§ What to do: Find the line with "New 2026 Toyota 4Runner SR5 AWD/4WD image 2" in the entries below. Repeat it, every following line, and the line with "羽绒服要常温手洗！冬天衣服清洗保养大全", exactly and with nothing added.

[Brief descriptive captions]

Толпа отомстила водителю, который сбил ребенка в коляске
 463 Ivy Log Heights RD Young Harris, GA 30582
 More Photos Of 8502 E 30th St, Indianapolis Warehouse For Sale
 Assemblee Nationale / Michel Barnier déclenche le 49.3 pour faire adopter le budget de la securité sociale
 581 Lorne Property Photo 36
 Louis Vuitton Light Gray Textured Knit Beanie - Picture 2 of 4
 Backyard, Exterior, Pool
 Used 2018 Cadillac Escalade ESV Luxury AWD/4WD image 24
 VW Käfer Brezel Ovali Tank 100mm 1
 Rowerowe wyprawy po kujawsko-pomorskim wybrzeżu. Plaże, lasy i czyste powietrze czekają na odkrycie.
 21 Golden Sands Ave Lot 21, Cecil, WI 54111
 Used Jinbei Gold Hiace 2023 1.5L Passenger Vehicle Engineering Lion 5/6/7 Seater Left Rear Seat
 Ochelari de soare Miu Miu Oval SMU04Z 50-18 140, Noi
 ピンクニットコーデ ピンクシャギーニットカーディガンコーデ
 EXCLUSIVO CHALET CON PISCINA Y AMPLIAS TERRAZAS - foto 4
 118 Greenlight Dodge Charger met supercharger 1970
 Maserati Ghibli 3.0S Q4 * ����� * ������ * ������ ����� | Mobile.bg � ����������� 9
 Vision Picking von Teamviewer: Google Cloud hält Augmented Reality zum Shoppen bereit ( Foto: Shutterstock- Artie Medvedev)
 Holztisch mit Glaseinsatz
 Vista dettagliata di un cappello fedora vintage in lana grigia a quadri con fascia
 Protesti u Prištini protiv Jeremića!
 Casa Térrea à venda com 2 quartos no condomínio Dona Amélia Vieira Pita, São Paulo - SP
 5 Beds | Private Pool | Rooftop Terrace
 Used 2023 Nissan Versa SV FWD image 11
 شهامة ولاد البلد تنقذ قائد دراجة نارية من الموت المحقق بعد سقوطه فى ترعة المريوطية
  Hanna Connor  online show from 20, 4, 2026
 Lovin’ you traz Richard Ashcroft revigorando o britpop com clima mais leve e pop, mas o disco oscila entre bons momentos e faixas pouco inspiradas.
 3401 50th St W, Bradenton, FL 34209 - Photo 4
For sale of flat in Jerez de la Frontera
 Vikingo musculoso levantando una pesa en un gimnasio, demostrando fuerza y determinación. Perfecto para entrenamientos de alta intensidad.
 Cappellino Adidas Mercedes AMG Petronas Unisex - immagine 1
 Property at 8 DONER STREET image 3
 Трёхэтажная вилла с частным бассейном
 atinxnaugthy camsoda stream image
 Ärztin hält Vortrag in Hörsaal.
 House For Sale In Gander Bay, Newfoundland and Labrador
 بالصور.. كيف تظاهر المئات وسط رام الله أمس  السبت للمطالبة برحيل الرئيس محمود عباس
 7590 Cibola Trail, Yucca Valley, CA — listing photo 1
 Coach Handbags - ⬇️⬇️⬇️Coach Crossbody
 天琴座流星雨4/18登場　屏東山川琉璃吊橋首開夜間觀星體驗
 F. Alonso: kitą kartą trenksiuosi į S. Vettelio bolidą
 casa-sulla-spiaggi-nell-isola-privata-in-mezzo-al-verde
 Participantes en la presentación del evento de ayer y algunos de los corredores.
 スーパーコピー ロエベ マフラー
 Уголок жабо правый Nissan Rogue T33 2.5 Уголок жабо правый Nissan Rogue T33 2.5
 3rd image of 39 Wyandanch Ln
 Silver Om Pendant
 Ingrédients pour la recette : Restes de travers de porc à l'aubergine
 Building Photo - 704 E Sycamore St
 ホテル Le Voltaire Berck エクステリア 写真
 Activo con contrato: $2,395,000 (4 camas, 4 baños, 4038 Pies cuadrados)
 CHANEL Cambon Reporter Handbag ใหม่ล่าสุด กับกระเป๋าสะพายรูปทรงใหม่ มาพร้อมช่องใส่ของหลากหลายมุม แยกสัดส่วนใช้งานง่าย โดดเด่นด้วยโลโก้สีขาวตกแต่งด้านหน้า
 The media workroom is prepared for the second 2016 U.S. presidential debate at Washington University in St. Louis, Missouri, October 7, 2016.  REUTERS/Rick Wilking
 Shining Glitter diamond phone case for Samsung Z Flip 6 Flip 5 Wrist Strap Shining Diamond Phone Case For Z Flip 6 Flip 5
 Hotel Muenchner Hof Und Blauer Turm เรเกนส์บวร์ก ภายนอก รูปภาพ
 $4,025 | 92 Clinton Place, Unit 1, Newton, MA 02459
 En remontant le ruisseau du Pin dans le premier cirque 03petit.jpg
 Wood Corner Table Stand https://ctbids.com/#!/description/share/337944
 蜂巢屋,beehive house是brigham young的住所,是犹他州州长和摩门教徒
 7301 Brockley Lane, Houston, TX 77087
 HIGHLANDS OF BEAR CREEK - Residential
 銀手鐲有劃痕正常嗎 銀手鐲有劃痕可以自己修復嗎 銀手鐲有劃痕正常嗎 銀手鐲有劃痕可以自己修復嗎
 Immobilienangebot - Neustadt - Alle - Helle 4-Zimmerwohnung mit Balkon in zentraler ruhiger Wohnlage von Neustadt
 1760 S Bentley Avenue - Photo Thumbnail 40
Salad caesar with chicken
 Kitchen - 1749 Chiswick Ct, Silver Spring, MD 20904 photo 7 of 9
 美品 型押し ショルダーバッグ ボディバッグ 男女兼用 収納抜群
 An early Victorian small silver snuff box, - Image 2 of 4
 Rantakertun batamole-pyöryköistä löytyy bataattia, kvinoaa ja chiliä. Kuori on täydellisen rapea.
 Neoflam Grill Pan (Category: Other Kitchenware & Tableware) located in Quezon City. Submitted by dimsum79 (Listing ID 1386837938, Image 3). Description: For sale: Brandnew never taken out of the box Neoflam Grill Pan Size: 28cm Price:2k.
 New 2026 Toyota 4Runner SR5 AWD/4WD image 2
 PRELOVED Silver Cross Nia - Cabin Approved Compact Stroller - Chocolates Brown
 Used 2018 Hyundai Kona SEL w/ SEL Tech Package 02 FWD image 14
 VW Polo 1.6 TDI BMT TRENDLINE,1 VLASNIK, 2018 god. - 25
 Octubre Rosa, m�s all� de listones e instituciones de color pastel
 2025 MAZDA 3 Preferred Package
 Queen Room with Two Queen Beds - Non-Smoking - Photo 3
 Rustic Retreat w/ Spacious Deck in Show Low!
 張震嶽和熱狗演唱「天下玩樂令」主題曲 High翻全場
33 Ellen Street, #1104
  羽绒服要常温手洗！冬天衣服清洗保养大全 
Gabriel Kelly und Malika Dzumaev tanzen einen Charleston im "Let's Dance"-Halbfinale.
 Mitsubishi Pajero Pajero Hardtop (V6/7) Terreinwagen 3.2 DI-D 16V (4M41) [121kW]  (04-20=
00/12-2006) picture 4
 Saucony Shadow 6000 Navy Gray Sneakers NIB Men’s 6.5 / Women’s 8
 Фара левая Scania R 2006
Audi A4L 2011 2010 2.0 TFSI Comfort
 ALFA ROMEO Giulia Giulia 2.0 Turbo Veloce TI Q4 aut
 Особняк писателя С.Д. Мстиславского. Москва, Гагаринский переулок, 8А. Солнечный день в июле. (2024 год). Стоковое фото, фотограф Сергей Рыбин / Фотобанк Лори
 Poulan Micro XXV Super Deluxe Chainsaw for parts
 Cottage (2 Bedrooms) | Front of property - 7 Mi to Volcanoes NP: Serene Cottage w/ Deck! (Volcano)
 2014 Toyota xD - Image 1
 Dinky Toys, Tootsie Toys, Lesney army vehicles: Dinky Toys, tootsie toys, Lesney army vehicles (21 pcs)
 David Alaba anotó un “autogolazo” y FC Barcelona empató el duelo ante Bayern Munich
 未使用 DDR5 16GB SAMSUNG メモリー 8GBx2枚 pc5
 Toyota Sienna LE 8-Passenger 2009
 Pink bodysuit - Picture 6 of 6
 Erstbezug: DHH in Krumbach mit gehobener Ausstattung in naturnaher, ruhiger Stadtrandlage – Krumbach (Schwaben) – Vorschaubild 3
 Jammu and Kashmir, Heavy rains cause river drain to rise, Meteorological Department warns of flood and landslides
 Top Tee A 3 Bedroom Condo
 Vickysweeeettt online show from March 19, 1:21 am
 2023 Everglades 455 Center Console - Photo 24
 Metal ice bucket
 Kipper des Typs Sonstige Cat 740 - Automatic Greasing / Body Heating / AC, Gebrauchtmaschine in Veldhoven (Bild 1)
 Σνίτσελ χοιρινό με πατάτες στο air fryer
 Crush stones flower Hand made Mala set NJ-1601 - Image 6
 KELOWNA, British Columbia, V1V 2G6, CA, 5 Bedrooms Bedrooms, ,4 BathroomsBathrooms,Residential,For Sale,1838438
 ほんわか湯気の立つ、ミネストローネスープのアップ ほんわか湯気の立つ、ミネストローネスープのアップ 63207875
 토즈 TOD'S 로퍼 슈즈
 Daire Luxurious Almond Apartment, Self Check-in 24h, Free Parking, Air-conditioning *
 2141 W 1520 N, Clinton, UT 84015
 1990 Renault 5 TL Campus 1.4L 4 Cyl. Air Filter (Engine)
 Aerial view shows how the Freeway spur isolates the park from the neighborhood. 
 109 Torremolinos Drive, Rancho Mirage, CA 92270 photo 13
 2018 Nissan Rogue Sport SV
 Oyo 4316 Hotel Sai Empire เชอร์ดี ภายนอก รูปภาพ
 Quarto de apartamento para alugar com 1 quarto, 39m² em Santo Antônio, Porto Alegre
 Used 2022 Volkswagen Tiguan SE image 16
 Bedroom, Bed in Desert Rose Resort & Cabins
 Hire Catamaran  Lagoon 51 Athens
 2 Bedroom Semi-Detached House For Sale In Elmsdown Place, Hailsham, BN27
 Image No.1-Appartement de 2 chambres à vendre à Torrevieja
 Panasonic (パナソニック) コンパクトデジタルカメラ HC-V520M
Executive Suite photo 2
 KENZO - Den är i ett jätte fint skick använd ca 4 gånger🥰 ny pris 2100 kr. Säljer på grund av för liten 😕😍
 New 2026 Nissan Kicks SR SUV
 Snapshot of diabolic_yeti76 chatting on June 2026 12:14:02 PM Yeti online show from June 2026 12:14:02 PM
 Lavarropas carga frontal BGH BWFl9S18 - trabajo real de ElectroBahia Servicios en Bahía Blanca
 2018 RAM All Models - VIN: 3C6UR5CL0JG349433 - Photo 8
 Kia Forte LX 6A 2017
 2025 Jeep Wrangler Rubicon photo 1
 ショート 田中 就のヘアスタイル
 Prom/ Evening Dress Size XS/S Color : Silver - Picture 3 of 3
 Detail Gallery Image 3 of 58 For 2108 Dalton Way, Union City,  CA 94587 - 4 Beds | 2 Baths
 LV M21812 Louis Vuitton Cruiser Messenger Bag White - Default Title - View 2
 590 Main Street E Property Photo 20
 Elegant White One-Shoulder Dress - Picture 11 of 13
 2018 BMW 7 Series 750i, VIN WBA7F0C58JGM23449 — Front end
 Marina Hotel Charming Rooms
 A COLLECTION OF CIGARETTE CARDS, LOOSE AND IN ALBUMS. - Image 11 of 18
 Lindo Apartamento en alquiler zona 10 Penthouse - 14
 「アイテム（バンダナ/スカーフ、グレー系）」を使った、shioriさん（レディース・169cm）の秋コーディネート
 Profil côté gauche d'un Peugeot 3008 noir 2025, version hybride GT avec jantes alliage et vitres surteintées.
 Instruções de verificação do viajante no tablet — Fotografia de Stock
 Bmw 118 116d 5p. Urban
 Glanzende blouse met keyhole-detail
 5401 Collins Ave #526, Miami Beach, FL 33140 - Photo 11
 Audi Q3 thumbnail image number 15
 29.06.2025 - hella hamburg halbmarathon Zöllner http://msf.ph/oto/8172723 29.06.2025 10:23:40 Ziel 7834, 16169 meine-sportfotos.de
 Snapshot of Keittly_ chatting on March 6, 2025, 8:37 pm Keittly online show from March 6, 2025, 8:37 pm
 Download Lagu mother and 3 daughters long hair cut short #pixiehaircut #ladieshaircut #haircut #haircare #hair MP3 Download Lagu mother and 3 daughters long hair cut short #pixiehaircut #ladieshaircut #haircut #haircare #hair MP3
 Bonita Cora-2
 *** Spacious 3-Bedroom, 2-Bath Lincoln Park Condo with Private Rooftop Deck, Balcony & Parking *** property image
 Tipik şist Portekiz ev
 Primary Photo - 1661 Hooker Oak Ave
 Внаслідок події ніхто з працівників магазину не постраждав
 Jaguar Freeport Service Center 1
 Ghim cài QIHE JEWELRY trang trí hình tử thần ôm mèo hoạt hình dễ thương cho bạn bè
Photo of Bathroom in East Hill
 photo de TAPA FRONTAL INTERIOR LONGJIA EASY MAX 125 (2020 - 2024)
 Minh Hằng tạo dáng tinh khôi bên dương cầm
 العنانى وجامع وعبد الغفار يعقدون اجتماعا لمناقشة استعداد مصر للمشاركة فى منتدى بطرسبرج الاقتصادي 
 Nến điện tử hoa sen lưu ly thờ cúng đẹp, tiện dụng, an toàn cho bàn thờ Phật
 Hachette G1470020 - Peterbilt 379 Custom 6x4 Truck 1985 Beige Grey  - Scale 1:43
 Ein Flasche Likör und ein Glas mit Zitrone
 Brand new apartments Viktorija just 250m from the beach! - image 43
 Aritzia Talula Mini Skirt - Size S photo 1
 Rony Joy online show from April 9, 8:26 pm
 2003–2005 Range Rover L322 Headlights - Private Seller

§ Answer to this problem:
 New 2026 Toyota 4Runner SR5 AWD/4WD image 2
 PRELOVED Silver Cross Nia - Cabin Approved Compact Stroller - Chocolates Brown
 Used 2018 Hyundai Kona SEL w/ SEL Tech Package 02 FWD image 14
 VW Polo 1.6 TDI BMT TRENDLINE,1 VLASNIK, 2018 god. - 25
 Octubre Rosa, m�s all� de listones e instituciones de color pastel
 2025 MAZDA 3 Preferred Package
 Queen Room with Two Queen Beds - Non-Smoking - Photo 3
 Rustic Retreat w/ Spacious Deck in Show Low!
 張震嶽和熱狗演唱「天下玩樂令」主題曲 High翻全場
33 Ellen Street, #1104
  羽绒服要常温手洗！冬天衣服清洗保养大全 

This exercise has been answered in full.